The ranking measure used by Smart Asset -- the absolute amount of net domestic migration of $200,000 -plus incomes -- is eye-catching but potentially a bit distorting because it focuses on absolute rather than relative changes. The fact is half of all the $200k and above filers in the entire nation reside in these top 10 “losing” states which are some of the nation’s highest income states. As a result, we revised this state migration measure by calculating net migration totals as a percentage of the $200k and above filers in each state. This provides a better perspective on the relative magnitude the net migration represents. We calculated separate relative rankings for both state in-migration and out-migration to highlight the relative influence of the migration direction in deriving a “net” figure. We also extended the analysis to a include the 5-year trend.
A note on the data source. IRS Statistics of Income data on state migration is based on year-to-year address changes reported on individual income tax returns filed with the IRS. Tax returns are matched for two consecutive calendar years based on the filer’s taxpayer identification thus capturing both inflows (the number of new residents who moved to a state and where they migrated from) and outflows (the number of residents leaving a state and where they went.) The “$200,000 and above” income threshold is the highest threshold reported.
As we have observed before, some use and interpretation cautions accompany this data. The most frequent error is to interpret out-migrated adjusted gross income totals as “lost taxable income” to a state (a topic we don’t wade into here). The other issue, more relevant to this review, is the fact that the many different permutations of exactly when people move and when they file, how they file, and filing status changes between years can have an influence on these reported migration totals.2
Interstate Migration of High-Income Filers Between Tax Year 2020 and 2021
Source: IRS Statistics of Income Tax Stats - Migration Data, Gross Migration File
With those caveats in mind, a few “numbers behind the numbers” are worth noting:
What to make of this is interesting to ponder.
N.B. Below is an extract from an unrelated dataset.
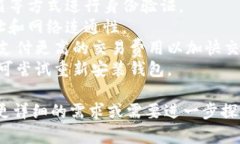 很抱歉，我无法满足您关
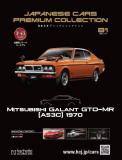 国産名車プレミアムコレクション 81号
In Minnesota, approximately 80% of this cohort are filers between the ages of 35 and 65. These results suggest a strong validation of the findings in Headquarters Economy: Managers, Mobility, and Migration” by Myles Shaver of the University of Minnesota which concluded that the strong managerial talent pool rooted in the state is responsible for the state’s “headquarters economy” and a major contributor to the state’s economic vitality. With respect to talent migration, Shaver has observed, “When I talk to executive recruiters, they all say one thing: ‘It’s really hard to get people to move to the Twin Cities but it’s about impossible to get them to leave.’"3
The relative importance of this talent retention and development for Minnesota can be seen by comparing cohort growth over time adjusting for migration changes. Doing so provides a rough estimate of a state’s “home grown” higher income filers over a five-year period. Minnesota “grew” roughly 11 new high-income filers for every departure during this period.
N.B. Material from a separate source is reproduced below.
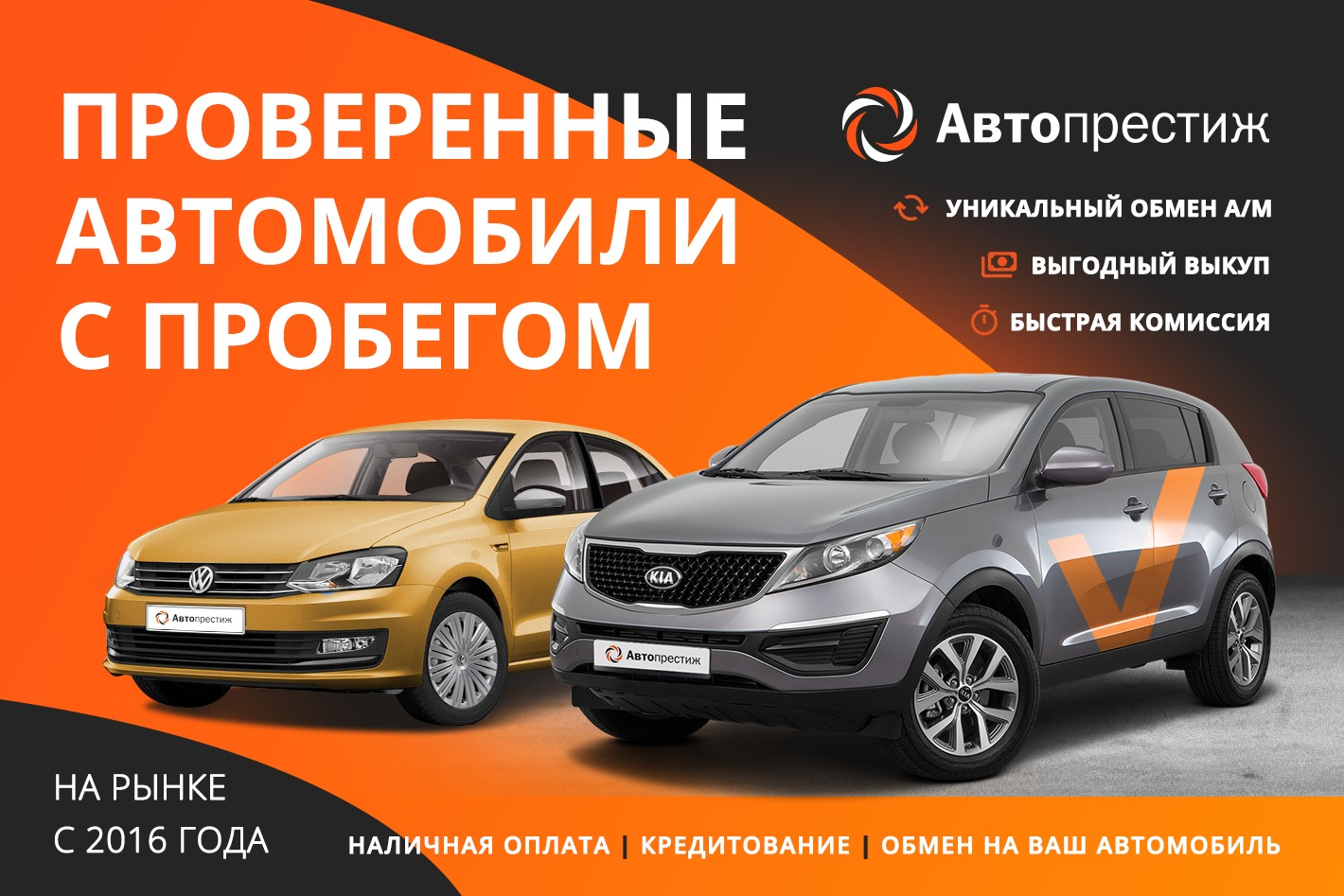 Автопрестиж на Землячки. Профиль пользователя на Авито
Talent pools, however, need to be replenished. That’s especially true today in the context of aging demographics and tight labor markets. It’s in this context that the interaction of policies enacted this session on the state’s already poor rates of in-migration deserve some consideration. For example, this year Minnesota essentially created a sort of “back door fifth tier” in the state income tax by phasing out both itemized and standard deductions faster for households at adjusted gross income levels far lower than what this past session’s proposed fifth tier would have affected. As a result, the job of executive and talent recruiters likely got a little harder this year, and the wage premiums needing to be paid by Minnesota employers to offer competitive salaries with other states likely got a little bigger.
Talent can also be developed at home which was the focus of a different migration report. A Star Tribune article, “Minnesota is losing more college students than it attracts, a troubling trend” reported on the state’s largest demographic outflow – 18-24 year-olds – and the ripple effects it may have on the state’s economy in the future. Comprising nearly two-thirds of the state’s annual loss in domestic migration -- about 8,000 individuals per year -- this out-migration has potentially significant implications for the state’s higher education entities. According to national education statistics reported by the Strib, Minnesota is only one of 10 states that lose more college students than it attracts, and only seven states had a worse ratio of students moving out to coming in.
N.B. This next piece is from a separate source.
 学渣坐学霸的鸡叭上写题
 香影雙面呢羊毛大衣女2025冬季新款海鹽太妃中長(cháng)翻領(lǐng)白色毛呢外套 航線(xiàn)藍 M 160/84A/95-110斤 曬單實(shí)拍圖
While this is understandably disturbing news for the state’s colleges and universities, by itself it does not represent a looming Minnesota brain drain crisis. That’s because it doesn’t take into account an arguably even more important issue: where graduates migrate (or don’t) to work. The primary social return on investment from higher education comes from where a degree is eventually put to use in the economy rather than from where it is obtained.
Most of the research on the relationship between labor markets and higher education has focused on the markets that colleges face for incoming students, not where they ultimately live and work. The latter has been a much more challenging research task for data reasons. Taking up this challenge, a swat team of academic researchers and employment research institute professionals conducted such a study employing a novel data source: Linked In.4 The result was a new measure of college-specific labor markets for 2,600 public and private non-profit higher education institutions offering at least an associate’s degree -- an investigation covering 99% of the degrees awarded from 2010-2018.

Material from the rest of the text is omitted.